限定SS『声を聞く』

(別視点)





「アウルの声を聞きたい」


 ある夜、居間でノーヴェがそう言い放った。


 その場にいるのは、シュザとアキ、そしてダイン。アウルはハルクと一緒に部屋で字の練習中だ。



「どうしたんだい、急に」

「別に急じゃない。ずっと思ってた」


 理由は自分でもよくわかっていなかった。ハルクへの対抗心かもしれないし、単純に興味があるだけかもしれない。


 部屋から漏れ聞こえるのはいつもハルクの声ばかりで、アウルの声は聞こえない。


 実は、ノーヴェはこっそりと部屋に近づいて声を聞こうとしたこともあったのだ。


 しかし、まるで気配を察したかのようにアウルは口を閉ざしてしまう。ついぞ、声を聞くことはできなかった。



「あいつァ察しがいいからよ」

「気配を察してるというより、無意識なんだろうね。近づいても気づかないことがあるから」

「ちょっとでいいのに……」

「俺ァ聞いたことあるぜ。嗚咽だったが」


 張り合ってくるダインからクッションを奪い、ノーヴェは不貞腐れた顔でクッションを抱き締める。


 アウルは、しゃべりたくない、声を出したくない、というわけではないのだとノーヴェは思っていた。ハルクと話をする時間を楽しみにしている様子からもそれはうかがえる。


 以前、ハルクに「アウルに命令すれば話せる契約を結んでいるはずなのに、何故そうしないのか」と尋ねた。


 ハルクはただ首を振って、「命令はいちばん精神に圧がかかるから絶対ダメだ」と答えた。特別な事情がない限り、命令して喋らせることはしたくないという。


 特別な事情というのは、王に謁見するだとか命が危ういとか、そういう事情だ。


 つまり、現状ノーヴェがアウルの声を聞くためには、盗み聞き以外に方法はないのだった。



「気配消して近づきゃいいだろ」

「しかしノーヴェは気配を消すのが下手だ」

「ぐっ……」


 アキにすぱんと切り捨てられる。


 元々冒険者でも戦士でもないノーヴェは、確かに『気配を消す』といった類の行動は不得手であった。
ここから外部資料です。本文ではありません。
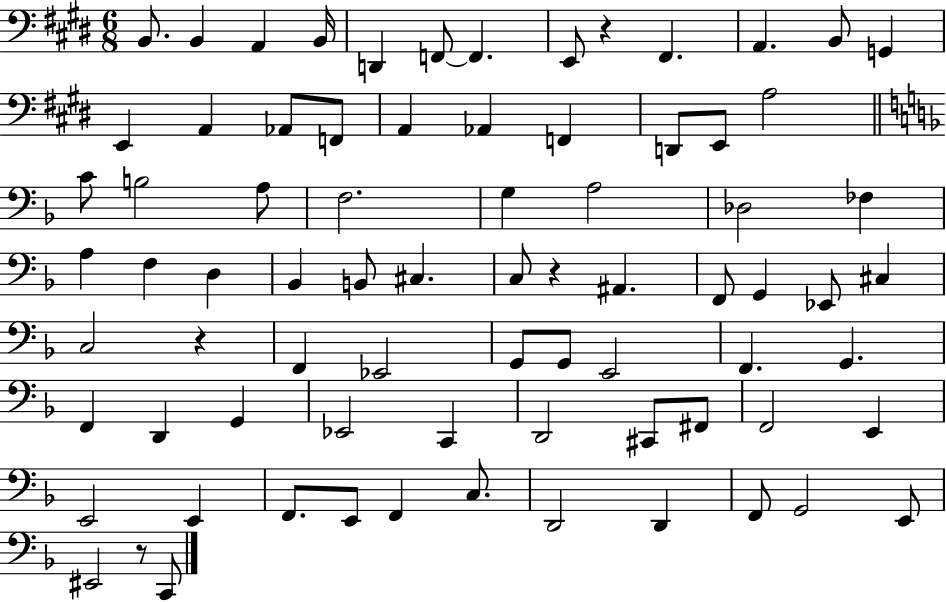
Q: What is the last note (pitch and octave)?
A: C2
 かわいそうに思ったのか、シュザはうなだれるノーヴェの背にやさしく手を置いた。



「盗み聞きが良い事だとは言えないけれど、どうしても聞きたいのなら、君の得意な方法を使うのはどうだい」

「オレの得意……魔法?」

「そうだよ。領域魔法で、気配を薄めることはできないかな」

「考えたことなかった……!」


 ノーヴェの顔は輝きを取り戻し、紙を出して何やら計算を始める。


 その様子を、皆が微笑ましく見守った。


 そして、ついに魔法が完成した。


 領域外への自分の存在の影響を極限まで抑えるという、少々危うい上に魔力の消費も激しいものだったが、ノーヴェはやりとげた。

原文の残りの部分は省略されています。